Collected data entries -
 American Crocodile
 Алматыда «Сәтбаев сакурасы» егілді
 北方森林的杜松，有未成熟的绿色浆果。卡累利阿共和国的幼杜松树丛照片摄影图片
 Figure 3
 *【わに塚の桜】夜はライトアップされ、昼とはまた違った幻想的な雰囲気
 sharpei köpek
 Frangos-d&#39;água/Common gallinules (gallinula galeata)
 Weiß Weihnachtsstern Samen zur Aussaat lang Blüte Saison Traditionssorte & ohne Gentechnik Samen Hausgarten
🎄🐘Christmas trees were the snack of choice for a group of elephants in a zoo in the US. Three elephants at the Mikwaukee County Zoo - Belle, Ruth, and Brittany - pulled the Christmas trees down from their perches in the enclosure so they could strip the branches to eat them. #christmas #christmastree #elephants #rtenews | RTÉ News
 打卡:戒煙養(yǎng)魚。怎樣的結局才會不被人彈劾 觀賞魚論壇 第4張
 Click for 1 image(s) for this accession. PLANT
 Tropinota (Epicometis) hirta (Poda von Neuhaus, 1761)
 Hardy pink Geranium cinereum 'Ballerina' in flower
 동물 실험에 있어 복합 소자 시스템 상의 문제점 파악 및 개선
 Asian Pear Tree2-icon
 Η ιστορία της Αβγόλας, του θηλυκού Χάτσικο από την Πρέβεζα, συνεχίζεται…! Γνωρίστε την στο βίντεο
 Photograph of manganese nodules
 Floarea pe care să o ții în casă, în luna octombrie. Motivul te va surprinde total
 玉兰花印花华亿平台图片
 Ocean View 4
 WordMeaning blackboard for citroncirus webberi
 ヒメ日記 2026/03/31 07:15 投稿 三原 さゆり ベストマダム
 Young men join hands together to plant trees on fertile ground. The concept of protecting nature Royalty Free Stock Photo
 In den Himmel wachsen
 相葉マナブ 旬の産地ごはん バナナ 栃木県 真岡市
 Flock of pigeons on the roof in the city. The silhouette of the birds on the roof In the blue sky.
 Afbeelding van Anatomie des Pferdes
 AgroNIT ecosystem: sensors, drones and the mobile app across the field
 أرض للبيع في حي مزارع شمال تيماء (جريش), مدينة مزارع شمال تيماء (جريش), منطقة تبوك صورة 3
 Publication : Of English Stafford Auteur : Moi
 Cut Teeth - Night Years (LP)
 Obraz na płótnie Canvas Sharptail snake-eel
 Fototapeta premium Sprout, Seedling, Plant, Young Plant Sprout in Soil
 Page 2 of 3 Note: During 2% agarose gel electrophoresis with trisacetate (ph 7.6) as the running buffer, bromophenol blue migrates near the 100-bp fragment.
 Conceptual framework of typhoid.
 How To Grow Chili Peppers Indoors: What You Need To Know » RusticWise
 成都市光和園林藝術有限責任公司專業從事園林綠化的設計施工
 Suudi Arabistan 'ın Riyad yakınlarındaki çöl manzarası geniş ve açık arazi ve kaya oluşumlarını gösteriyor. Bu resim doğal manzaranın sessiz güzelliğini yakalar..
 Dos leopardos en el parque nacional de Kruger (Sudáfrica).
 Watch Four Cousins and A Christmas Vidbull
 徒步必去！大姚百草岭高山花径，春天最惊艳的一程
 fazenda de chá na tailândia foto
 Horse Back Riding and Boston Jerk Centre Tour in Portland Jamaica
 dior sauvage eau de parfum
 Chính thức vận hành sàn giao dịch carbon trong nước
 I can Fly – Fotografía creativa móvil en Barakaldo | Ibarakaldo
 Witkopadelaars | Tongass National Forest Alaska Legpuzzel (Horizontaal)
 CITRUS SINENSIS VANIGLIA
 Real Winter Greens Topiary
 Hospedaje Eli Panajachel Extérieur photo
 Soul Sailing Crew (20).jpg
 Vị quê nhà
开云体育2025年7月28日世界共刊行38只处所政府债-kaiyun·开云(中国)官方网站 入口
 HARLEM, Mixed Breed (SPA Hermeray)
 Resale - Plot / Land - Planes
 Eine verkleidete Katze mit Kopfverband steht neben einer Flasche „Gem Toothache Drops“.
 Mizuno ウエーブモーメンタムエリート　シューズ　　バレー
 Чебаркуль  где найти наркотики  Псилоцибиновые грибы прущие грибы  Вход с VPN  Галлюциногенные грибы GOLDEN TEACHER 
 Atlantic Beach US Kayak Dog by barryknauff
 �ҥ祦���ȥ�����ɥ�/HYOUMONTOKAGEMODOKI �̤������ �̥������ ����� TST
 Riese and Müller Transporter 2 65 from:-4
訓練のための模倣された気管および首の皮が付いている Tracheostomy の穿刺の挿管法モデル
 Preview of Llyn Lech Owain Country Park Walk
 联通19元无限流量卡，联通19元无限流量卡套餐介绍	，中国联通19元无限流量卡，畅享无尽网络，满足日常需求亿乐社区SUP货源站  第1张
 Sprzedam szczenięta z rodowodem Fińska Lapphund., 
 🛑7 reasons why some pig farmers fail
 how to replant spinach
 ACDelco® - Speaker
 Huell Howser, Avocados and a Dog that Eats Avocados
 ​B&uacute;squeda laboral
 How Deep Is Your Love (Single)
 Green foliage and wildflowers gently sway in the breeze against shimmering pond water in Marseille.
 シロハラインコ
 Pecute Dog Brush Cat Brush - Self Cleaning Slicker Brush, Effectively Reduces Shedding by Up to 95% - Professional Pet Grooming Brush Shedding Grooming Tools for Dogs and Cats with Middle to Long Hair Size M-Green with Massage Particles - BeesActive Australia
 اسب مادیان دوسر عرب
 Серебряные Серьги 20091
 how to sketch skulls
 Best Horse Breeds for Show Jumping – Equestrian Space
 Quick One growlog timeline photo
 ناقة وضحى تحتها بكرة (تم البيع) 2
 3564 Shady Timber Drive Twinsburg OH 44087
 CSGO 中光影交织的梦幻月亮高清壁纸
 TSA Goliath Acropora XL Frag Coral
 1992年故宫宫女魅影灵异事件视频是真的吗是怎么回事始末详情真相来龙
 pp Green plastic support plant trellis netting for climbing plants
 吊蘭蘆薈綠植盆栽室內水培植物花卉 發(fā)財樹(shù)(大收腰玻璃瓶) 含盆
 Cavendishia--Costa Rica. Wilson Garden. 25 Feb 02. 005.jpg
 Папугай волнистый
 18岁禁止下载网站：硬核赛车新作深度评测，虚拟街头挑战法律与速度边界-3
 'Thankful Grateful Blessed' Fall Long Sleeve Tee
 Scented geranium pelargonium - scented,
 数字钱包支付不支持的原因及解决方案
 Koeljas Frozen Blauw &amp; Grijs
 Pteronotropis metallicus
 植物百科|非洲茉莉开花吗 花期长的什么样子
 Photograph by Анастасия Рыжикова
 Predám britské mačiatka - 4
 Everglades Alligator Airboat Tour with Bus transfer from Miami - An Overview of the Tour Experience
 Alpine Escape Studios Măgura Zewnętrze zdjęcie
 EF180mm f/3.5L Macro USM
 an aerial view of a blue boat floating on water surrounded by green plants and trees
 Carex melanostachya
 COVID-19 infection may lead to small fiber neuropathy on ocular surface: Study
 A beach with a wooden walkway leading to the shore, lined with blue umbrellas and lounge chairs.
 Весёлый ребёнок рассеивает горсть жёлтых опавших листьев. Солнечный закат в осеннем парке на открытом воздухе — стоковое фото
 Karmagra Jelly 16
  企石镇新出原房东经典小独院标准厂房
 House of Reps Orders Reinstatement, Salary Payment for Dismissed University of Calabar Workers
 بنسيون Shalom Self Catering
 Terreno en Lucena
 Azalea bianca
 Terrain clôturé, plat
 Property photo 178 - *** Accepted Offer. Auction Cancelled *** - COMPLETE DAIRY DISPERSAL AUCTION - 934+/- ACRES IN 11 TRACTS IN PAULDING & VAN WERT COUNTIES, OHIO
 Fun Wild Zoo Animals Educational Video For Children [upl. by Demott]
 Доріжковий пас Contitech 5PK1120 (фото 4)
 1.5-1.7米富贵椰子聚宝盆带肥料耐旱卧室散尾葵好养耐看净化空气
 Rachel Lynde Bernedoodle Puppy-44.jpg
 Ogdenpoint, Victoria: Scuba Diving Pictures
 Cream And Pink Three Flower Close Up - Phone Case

Exercise description -
Note every line above where the string "blue" shows up, and copy those lines.

Result of the task -
 Flock of pigeons on the roof in the city. The silhouette of the birds on the roof In the blue sky.
 Page 2 of 3 Note: During 2% agarose gel electrophoresis with trisacetate (ph 7.6) as the running buffer, bromophenol blue migrates near the 100-bp fragment.
 an aerial view of a blue boat floating on water surrounded by green plants and trees
 A beach with a wooden walkway leading to the shore, lined with blue umbrellas and lounge chairs.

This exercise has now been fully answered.